▶ _Exercise inputs_:
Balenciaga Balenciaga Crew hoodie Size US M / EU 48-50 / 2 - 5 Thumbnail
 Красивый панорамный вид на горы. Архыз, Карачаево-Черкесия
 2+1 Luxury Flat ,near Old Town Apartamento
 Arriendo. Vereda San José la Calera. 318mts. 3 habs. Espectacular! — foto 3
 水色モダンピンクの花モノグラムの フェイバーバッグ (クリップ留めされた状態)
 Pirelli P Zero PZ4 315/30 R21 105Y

▶ _Prompt_: Return the line that contains "Красивый панорамный вид" along with every line after it through the end of the entries, exactly, adding nothing.

▶ _Your solution_:
 Красивый панорамный вид на горы. Архыз, Карачаево-Черкесия
 2+1 Luxury Flat ,near Old Town Apartamento
 Arriendo. Vereda San José la Calera. 318mts. 3 habs. Espectacular! — foto 3
 水色モダンピンクの花モノグラムの フェイバーバッグ (クリップ留めされた状態)
 Pirelli P Zero PZ4 315/30 R21 105Y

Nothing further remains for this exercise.